# Planned updates



## °Keir°

.


----------



## smokie

Useful post Keir, thanks. As I haven't "noticed" you before can I ask what your role is in VM and whether the above can be taken as official?

And while I understand the reasons for not allowing shows onto the home network, is external storage (presumably encrypted) going to be implemented?


----------



## cwaring

Thanks so much for that. Good stuff!

No mention of either USB keyboard (wired or wireless) or Bluetooth remote in that list. Anything in the road-map on these?

There's only me here, so individual folders aren't required but I wouldn't mind being able to make a folder, say, all FILMS to do in; or WISHLIST items.


----------



## mikerr

cwaring said:


> There's only me here, so individual folders aren't required but I wouldn't mind being able to make a folder, say, all FILMS to do in; or WISHLIST items.


You can do that now, a wishlist for films (say KAM 1) will create a folder and put all films recorded in it (even those not directly recorded by the wish list):
http://www.tivocommunity.com/tivo-vb/showthread.php?p=8413683#32


----------



## Brangdon

cwaring said:


> No mention of either USB keyboard (wired or wireless) or Bluetooth remote in that list. Anything in the road-map on these?


I would hope that the iPad app would also offer superior text entry. And I hope there will be version for Android tablets and phones.



> There's only me here, so individual folders aren't required but I wouldn't mind being able to make a folder, say, all FILMS to do in; or WISHLIST items.


It's weird how they restrict their folders. Their mention of family members bothers me, because it sounds like it still won't allow arbitrary folder naming and moving.


----------



## Moe UK

Glad to hear that the VHD will be Tivo'd, hopefully this will allow streaming from the main box and that I could set a recording on guide form the VHD box and Tivo will record it. That would the perfect set up.

Nice to know that the Sky channels will be in the video window as well.

Any idea when the menus that are in SD only will get a HD version?


----------



## VirginMediaPhil

Oops I forgot to post my post I wrote before I linked to this on Cable Forum.

Thank you very much for all the information, great to see some of the limitations like the Sky channels in guide being lifted. Also, reminders! Yay!


----------



## howardmicks

Was hoping they would sort out the option for suggested programs in hd if available rather than sd


----------



## Buzby

_Q.When will we be able to transfer content to a computer?
A. This will not happen to contracts and copy right laws we have with our content providers._

Forget a competing computer - what about a portable device, as service already offered by TiVo in the US. I'd like to spool off some programming to watch on the train when I'm away from home.

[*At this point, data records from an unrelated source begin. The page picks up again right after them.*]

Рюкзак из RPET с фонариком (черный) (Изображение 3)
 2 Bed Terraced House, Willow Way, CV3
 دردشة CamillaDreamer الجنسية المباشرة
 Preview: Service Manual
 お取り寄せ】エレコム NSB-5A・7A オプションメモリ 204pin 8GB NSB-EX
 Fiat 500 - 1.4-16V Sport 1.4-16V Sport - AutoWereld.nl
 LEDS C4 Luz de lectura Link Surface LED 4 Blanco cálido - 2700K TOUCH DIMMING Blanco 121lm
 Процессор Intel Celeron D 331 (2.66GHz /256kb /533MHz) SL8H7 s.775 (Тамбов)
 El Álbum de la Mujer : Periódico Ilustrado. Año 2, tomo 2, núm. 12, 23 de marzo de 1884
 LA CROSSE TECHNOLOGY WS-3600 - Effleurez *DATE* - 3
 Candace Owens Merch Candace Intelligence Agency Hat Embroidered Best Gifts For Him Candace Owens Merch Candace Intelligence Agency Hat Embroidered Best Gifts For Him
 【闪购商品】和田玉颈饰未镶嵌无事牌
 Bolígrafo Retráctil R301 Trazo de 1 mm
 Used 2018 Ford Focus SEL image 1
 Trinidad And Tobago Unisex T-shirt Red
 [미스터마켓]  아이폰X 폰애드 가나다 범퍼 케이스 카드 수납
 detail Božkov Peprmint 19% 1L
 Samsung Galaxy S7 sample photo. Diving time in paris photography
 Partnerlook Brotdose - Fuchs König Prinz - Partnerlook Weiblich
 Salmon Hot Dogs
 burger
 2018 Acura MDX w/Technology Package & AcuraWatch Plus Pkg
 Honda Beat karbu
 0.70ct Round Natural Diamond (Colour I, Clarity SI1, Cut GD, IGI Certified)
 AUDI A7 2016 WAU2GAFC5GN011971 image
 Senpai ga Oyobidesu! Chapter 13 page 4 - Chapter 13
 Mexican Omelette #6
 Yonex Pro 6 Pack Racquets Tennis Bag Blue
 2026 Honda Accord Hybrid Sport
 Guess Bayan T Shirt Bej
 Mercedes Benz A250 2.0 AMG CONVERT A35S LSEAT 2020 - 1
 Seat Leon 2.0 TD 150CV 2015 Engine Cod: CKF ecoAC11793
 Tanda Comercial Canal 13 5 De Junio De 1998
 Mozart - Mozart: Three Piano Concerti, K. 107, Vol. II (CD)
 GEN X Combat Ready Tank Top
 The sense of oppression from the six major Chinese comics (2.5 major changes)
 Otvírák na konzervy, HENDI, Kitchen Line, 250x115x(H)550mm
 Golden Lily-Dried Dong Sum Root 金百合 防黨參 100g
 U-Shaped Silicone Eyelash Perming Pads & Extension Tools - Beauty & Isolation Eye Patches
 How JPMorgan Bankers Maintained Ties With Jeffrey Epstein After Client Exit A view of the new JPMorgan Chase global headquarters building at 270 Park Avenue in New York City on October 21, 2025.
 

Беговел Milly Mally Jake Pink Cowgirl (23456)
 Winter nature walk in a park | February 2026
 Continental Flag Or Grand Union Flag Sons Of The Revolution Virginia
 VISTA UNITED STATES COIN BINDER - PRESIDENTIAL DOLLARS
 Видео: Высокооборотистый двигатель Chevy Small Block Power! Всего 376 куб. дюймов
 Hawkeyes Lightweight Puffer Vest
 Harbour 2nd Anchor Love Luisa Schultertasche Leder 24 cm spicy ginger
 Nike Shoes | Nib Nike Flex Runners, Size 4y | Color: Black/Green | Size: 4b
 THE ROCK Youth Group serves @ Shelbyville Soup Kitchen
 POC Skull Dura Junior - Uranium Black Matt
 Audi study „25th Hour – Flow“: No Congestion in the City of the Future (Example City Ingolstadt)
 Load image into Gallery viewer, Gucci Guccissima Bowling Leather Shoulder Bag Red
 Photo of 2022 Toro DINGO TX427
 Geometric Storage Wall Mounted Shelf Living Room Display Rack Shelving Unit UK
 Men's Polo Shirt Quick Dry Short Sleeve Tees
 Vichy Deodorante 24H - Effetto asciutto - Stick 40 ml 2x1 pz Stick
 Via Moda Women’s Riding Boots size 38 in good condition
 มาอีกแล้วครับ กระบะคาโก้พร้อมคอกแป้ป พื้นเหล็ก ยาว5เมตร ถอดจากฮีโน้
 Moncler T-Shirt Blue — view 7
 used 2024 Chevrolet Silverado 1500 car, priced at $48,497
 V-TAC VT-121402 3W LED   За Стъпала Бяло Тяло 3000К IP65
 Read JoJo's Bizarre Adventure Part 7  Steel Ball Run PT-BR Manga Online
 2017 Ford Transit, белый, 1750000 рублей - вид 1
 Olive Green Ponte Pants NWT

Lastly, still no mention of the PIN protect disablement, which is seriously making me doubt my sanity at the number of times and innocent programmes it blocks.


----------



## OzSat

Even the S1 style - PIN entry enables for a timed period would be better.


----------



## Halifax81

howardmicks said:


> Was hoping they would sort out the option for suggested programs in hd if available rather than sd


Yes much needed function in my opinion I cringe when I see a suggestion recorded in sd which was also broadcast in hd


----------



## royfox

Thanks Kier for the update. There is one question Id like to ask if possible. 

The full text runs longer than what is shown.